Prescription painkillers directly account for almost 60% of that total and, as a “gateway” drug, indirectly account for a much higher percentage. All too often, addicts first become hooked on legally prescribed opioids like OxyContin and Percocet before switching to the cheaper option, heroin, after their prescription lapses.

Clearly something has to be done about this epidemic. 

Though nonbinding, the CDC guidelines will send a strong message to physicians and others in the medical community. But that is just the first step. As the Journal Sentinel noted, CDC director Dr. Thomas Frieden also pointed out the role of patients in solving this problem. In the immediate gratification culture of American society, many choose to forgo long-term solutions in favor of the quick fix provided by opioids. Frieden acknowledged that many patients try to pressure physicians and clinics by posting negative reviews on websites like Yelp or RateMD, or by complaining on social media that their pain issues weren’t taken seriously. Medical providers must resist this pressure.

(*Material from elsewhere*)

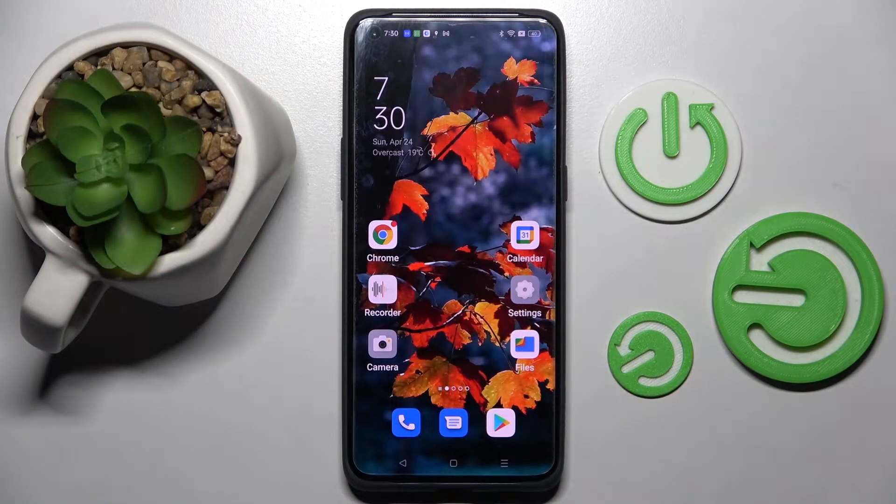Hi! In front of me is the Oppo Find X5 Pro and today I would like to show you how you can set up face unlock on this device.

We need to challenge our patients by counseling them on the dangers and limitations of opioids and advocating for long-term solutions through interventional procedures and lifestyle changes. Likewise, we should advocate with our lawmakers for expanded drug abuse prevention and education programs that recognize the connection between prescription drugs like OxyContin and street drugs like heroin. Reducing the demand for these drugs is as critical as reducing their supply.

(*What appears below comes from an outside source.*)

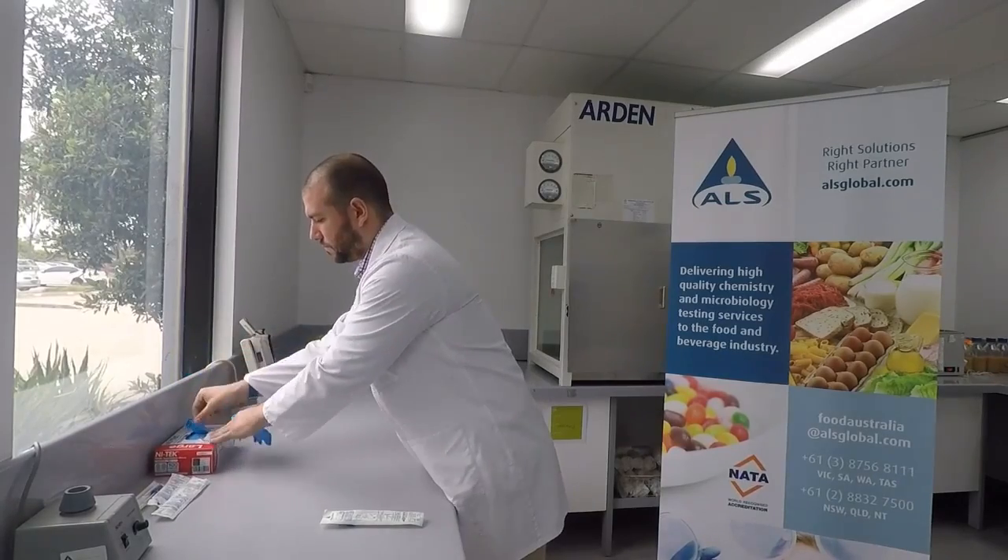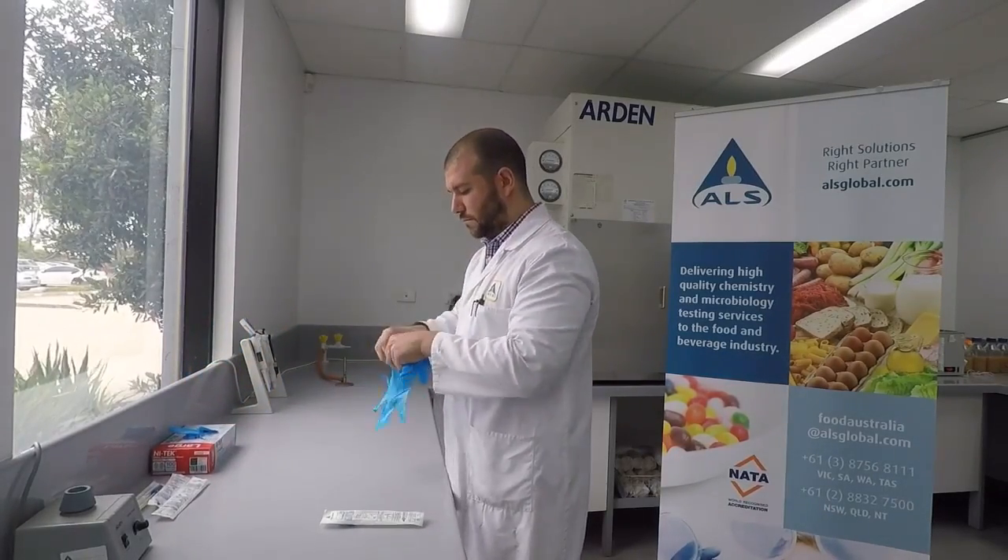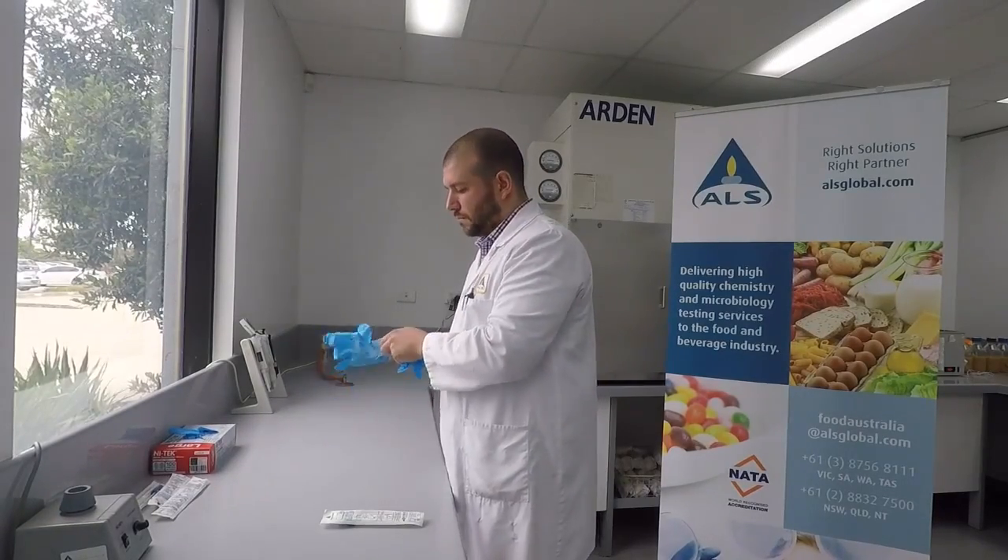Routinely performed environmental swabbing can be undertaken on a number of surfaces, products and materials. This video will demonstrate basic swabbing techniques for a food production area.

I applaud the CDC for raising awareness of this issue and agree with their analysis. Namely, while opioids do have a place in the spectrum of medical care, they should only be used on a short-term basis and in responsible doses for patients who’ve tried other approaches first — and with safeguards like toxicology screenings in place. Unfortunately, guidelines for the medical community alone are only the first step. We must be increasingly vigilant in raising awareness of opioid risks among the general public. That second step will be even more critical to ending this national epidemic.